Many were kind, considerate and helpful. But many were rude, destructive and would have seen me fired for no reason if this meant they could save a dollar or potentially get something free.
Even if the minimum wage isn’t raised, I think it is in all our power to make the lives of minimum-wage workers better. We all know right from wrong. We all know how to behave in public, and that a fast-food restaurant is just as much of a business as an attorney’s office.
Small acts of courtesy will get you farther and make the life of a minimum-wage worker that much better, even if the check is still small.
Anna Hiatt, Brier
September 11, 2013 at 7:02 PM
A picket line that needs to be crossed
I do not understand the longshoremen’s union’s position on the removal of dirt from the tunnel project. [“Tunnel work grinds to a halt over union dispute,” page one, Sept. 7.]
They apparently agreed to arbitration but dislike the July ruling. They were offered a reasonable split of the jobs in question a month ago by the project team, but said no.
Meanwhile, the work has been stopped for at least two weeks, presumably at great taxpayer cost. This kind of intransigence is one of the reasons the public view of unions is often low and leads to successful union-busting.
Has the International Longshore and Warehouse Union not noticed the flow of manufacturing jobs to states where unions are weak or nonexistent? Has it no regard for the greater public good?
I am a firm believer in the need for worker protections provided by unions, but this turf defense at any cost is becoming ridiculous. This is a picket line that needs to be crossed.
Leonard de Vries, Seattle
September 10, 2013 at 11:34 AM
Waste of time and money
Do you really think the taxpaying public really cares who moves the dirt? [“Tunnel work grinds to a halt over union dispute,” page one, Sept. 7.]
Holding up a project of this magnitude and cost for eight jobs is absolutely ludicrous. In the meantime, there are 250 construction workers twiddling their thumbs, waiting for someone to get off the dime.
Come on, project manager — get Bertha moving! Go with those you hired to do the work, and let the other group pout and picket.
John Moe, Federal Way
September 5, 2013 at 6:28 AM
It’s up to you
Let me see if I have this straight, the fast-food workers want $15 per hour because they can’t live on minimum wage. [“Labor turns up heat over low wages,” page one, Sept. 2.]

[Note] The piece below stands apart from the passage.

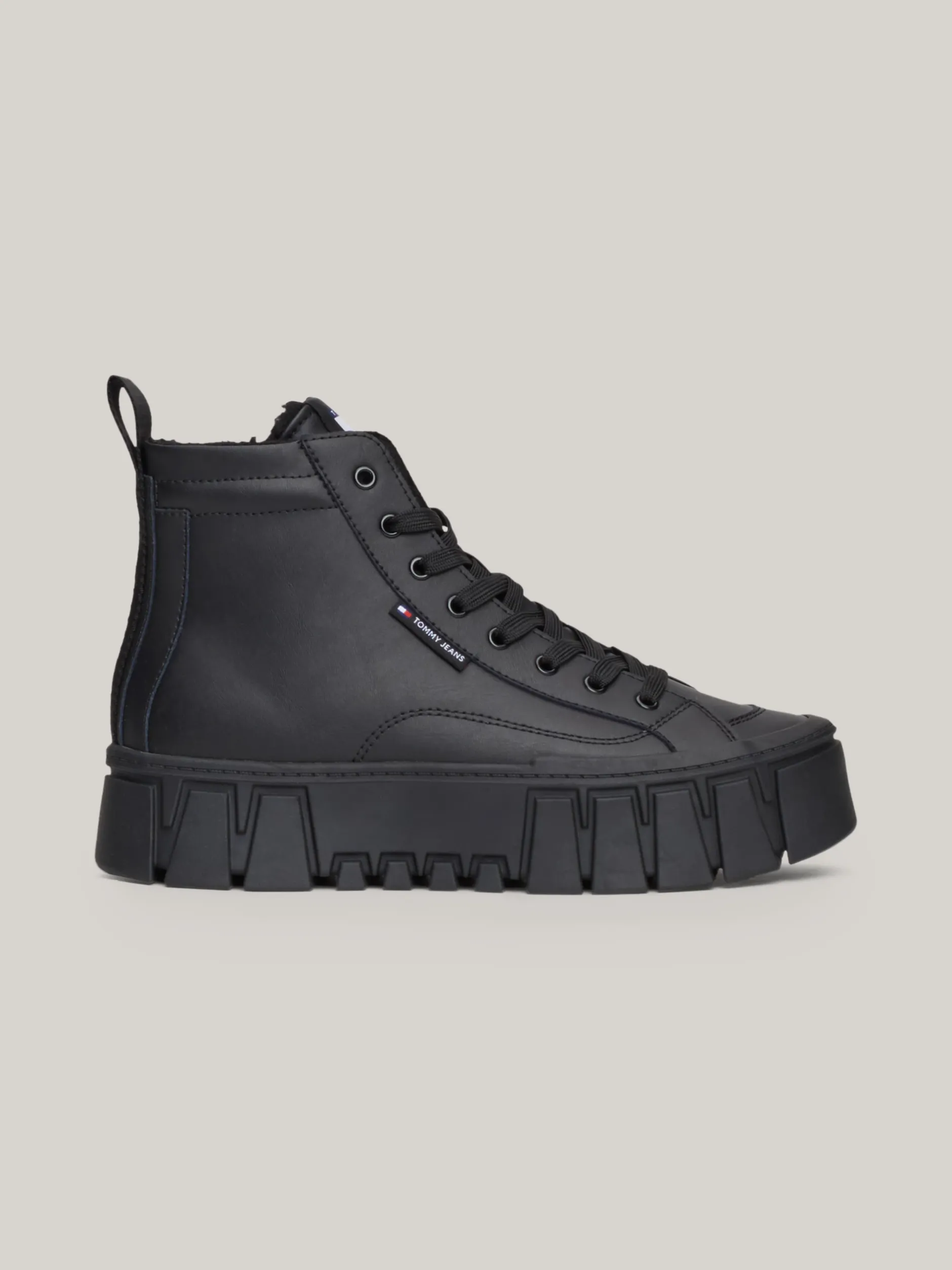 Sneakersy*Tommy Hilfiger Skórzane Buty Sportowe Za Kostkę BLACK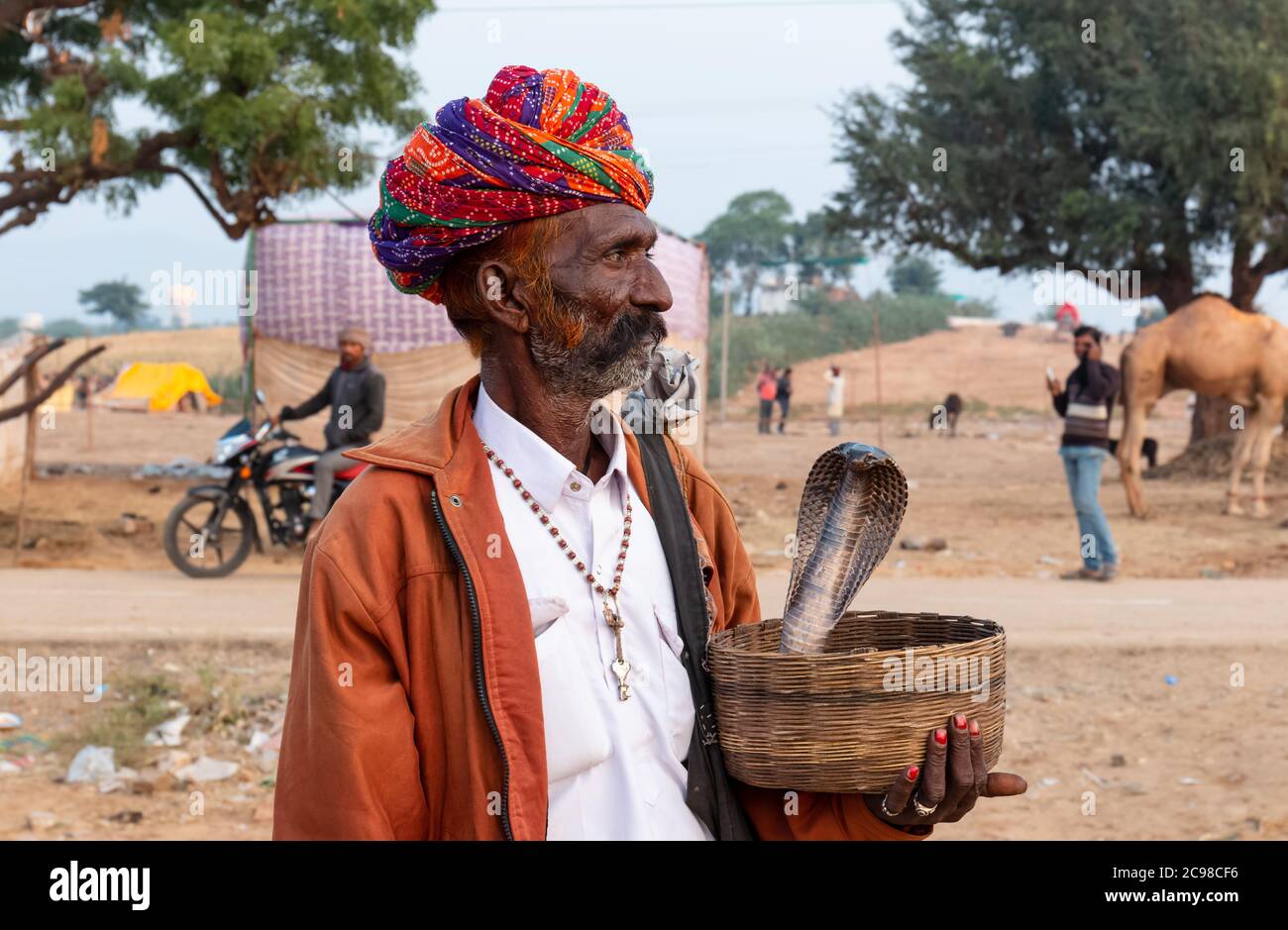 A Portrait of an Indian snake charmers with indian cobra snake at the Pushkar performing to entertain tourists at Pushkar camel fair. Stock Photo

I’m sorry, but I take issue with that idea. Both of my children worked fast-food jobs while growing up to pay for car insurance and have spending money. They knew it wasn’t a career and made plans accordingly. One joined the Navy, and one went to college, and yes, he got student loans to do just that.

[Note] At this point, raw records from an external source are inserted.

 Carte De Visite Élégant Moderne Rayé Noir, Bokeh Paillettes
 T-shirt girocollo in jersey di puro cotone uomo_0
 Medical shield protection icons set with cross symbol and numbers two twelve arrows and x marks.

As a single parent, I too worked a low-paying job, trying to make ends meet without child support or other assistance, but that didn’t stop me from pulling myself up by my bootstraps and working my way up to a good, decent-paying job.
Instead of going on strike and asking for more money with no increase in responsibilities, figure out how to get training to make yourself more employable or investigate loans and return to school. There’s a lot of help available out there if you have the desire and are willing to investigate all avenues.
Believe me, I’ve walked in your shoes and understand the worry of how to feed your child, buy clothes and pay the baby-sitter; however, it’s up to you and no one else to make your life better.
Putting some smaller, mom-and-pop fast-food places out of business because it’s the easy way out just doesn’t cut it in my book.